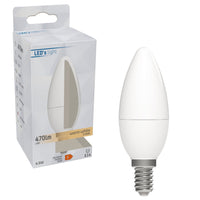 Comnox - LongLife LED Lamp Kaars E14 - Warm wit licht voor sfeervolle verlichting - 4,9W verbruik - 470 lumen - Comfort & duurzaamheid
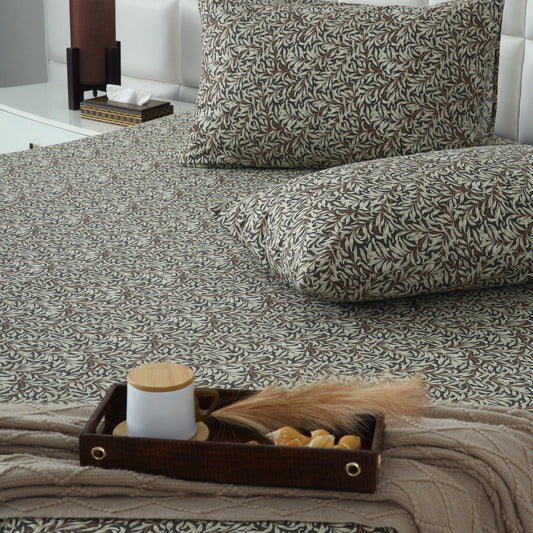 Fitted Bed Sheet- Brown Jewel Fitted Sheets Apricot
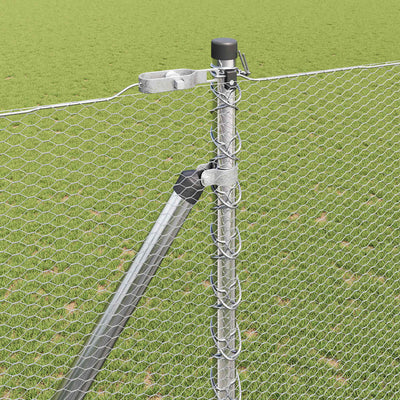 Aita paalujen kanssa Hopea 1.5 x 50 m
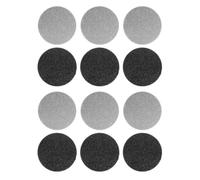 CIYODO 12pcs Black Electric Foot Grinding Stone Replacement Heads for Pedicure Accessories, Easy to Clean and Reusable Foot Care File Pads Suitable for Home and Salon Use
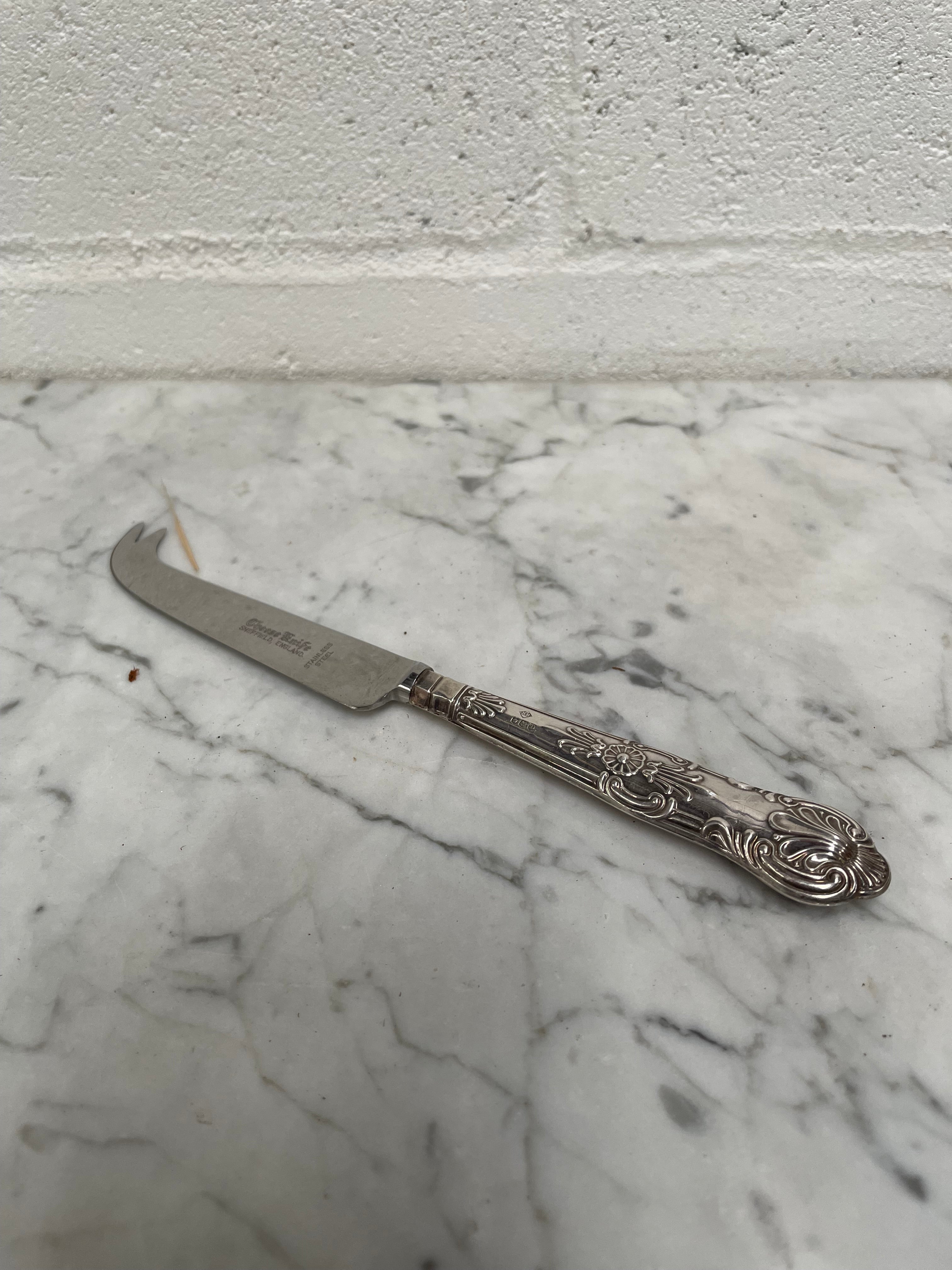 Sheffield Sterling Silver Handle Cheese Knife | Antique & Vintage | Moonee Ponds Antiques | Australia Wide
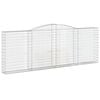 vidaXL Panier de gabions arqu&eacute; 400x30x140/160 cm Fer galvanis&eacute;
---
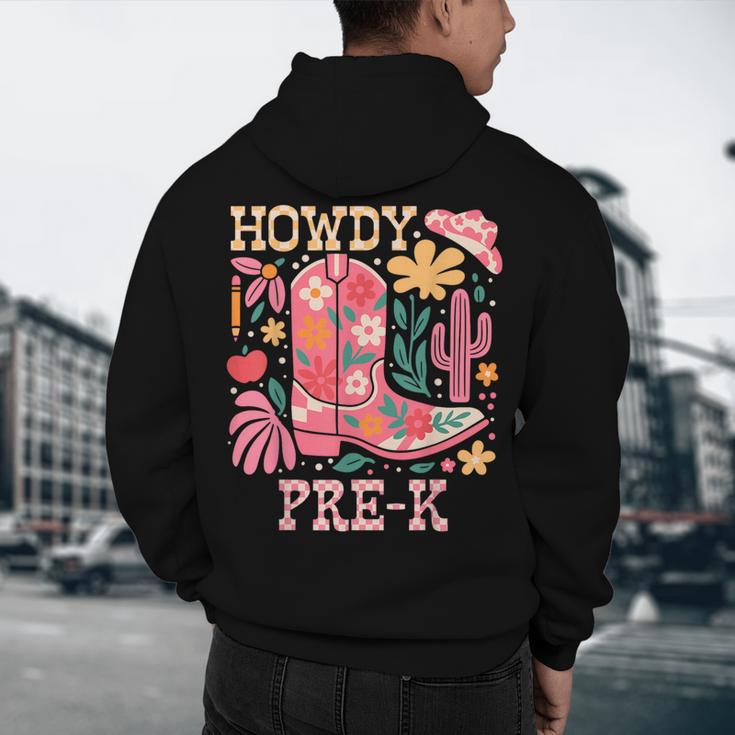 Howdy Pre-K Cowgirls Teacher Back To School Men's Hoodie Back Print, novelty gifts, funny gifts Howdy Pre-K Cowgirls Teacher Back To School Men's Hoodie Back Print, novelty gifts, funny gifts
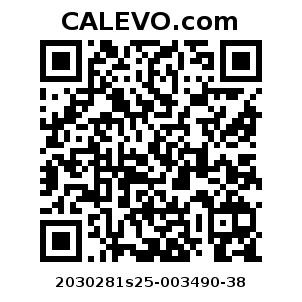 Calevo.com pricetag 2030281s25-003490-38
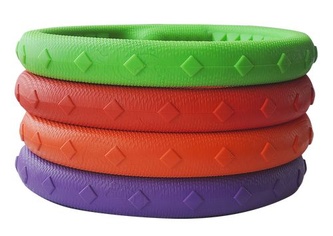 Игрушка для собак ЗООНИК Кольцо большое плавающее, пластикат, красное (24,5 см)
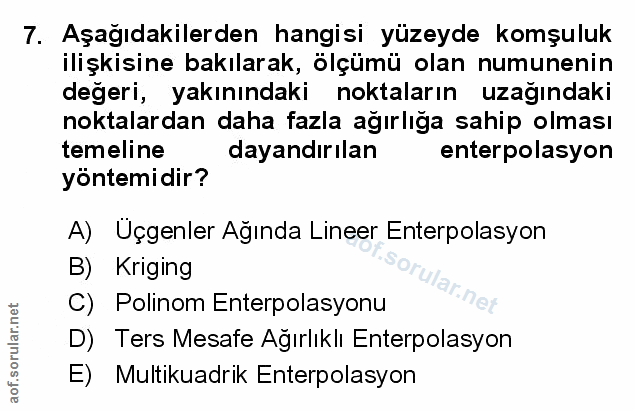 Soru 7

Task details:
Output exactly those lines of the data above that run from the line with "Sheffield Sterling Silver" up to and including the line with "vidaXL Panier de". No pictures go in.

Solution:
 Sheffield Sterling Silver Handle Cheese Knife | Antique & Vintage | Moonee Ponds Antiques | Australia Wide
 vidaXL Panier de gabions arqu&eacute; 400x30x140/160 cm Fer galvanis&eacute;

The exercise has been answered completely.